Two big stories breaking over the past week showed what strong legs the scandal has. First, Huffington Post reported on a series of confidential audits that showed five of the country’s largest mortgage companies defrauded taxpayers in their handling of foreclosures on homes purchased with government-backed loans.
Then the New York Times and others trumpeted an investigation of the mortgage securitization process by New York’s new state attorney general, Eric Schneiderman. This investigation won strong praise from two of the toughest watchdogs on the financial beat, Matt Taibbi at Rolling Stone and Robert Scheer at Truthdig, who portrayed Schneiderman as a hared-charging prosecutor who unlike the feds and other state attorney generals, is not intimidated by Wall Street.
But Reuters financial blogger Felix Salmon argued that confidential audits, which were turned over to the Justice Department were a much bigger story than Schneiderman’s investigation.

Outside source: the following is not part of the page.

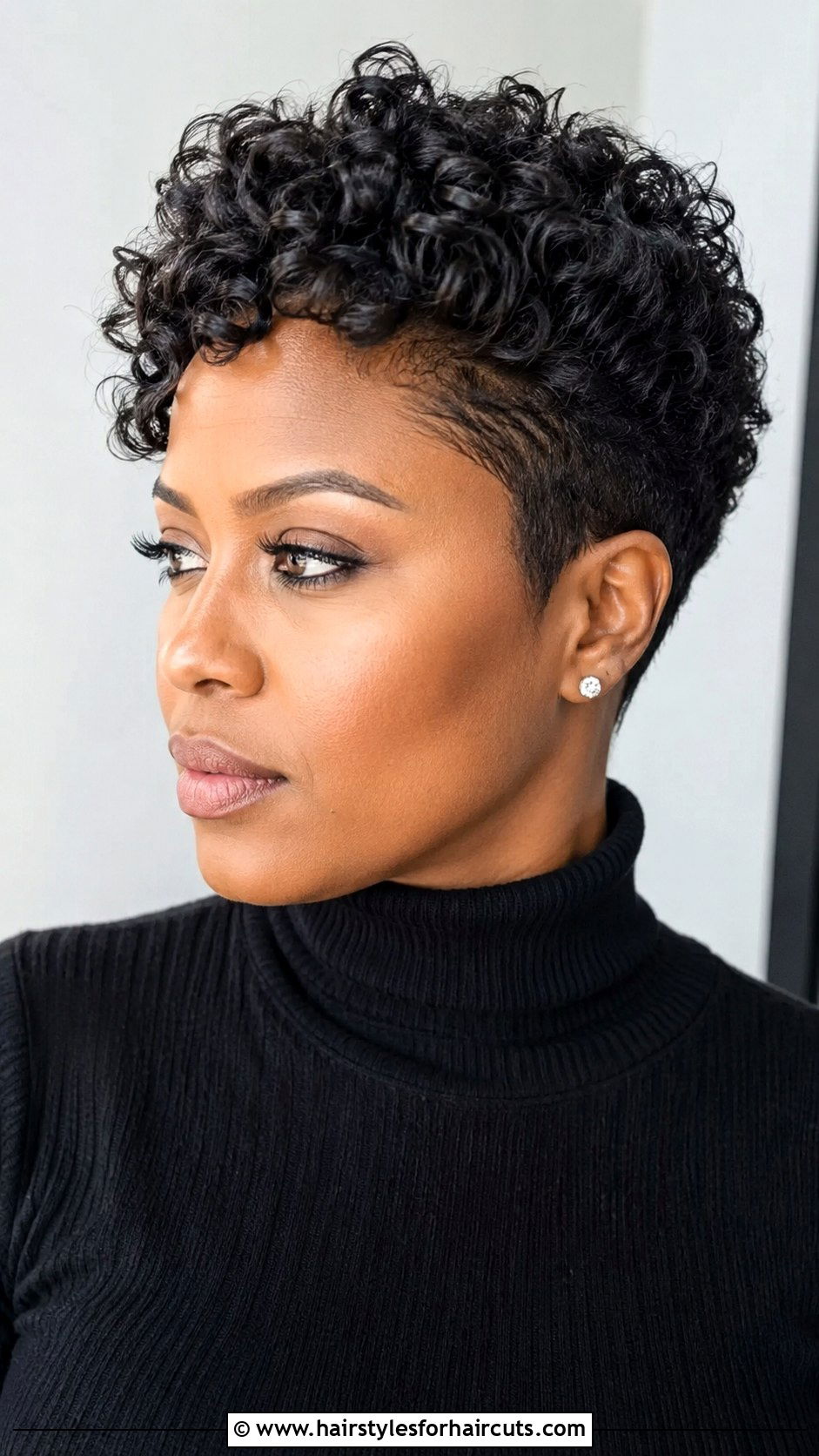 Sculpted Curly Pixie Cut - 25 80s hairstyles for black hair - 25 80s hairstyles for black hair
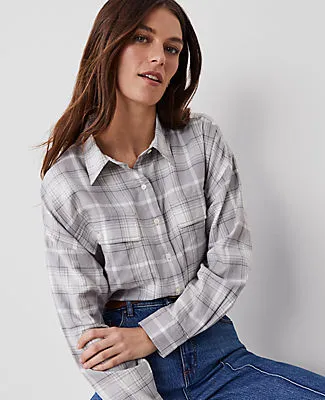 Ann Taylor Weekend Collection Plaid Oversized Cropped Pocket Shirt sold by Ann Taylor product image thumbnail 3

Until Schneiderman’s investigation bear some fruit, I think history suggests we should be skeptical of officials who claim they are going to get tough on the banks and protect consumers.
Salmon pinpoints the real significance of the Schneiderman investigation – the continuing cracks in the state attorney general’s 50-state coalition that was negotiating with the banks to settle claims of mortgage fraud. Some Republicans had already criticized the state attorney generals for being too tough on the banks, referring to a proposed settlement as a shakedown. Other critics have raised questions about whether the attorney generals are being too soft, having sat down to negotiate without having done robust investigations first to gather ammunition.
Whatever the outcome of these on-going investigations’s, the week’s news guarantees one thing – the mortgage fraud scandal, and its offspring the foreclosure scandal, are not going away any time soon.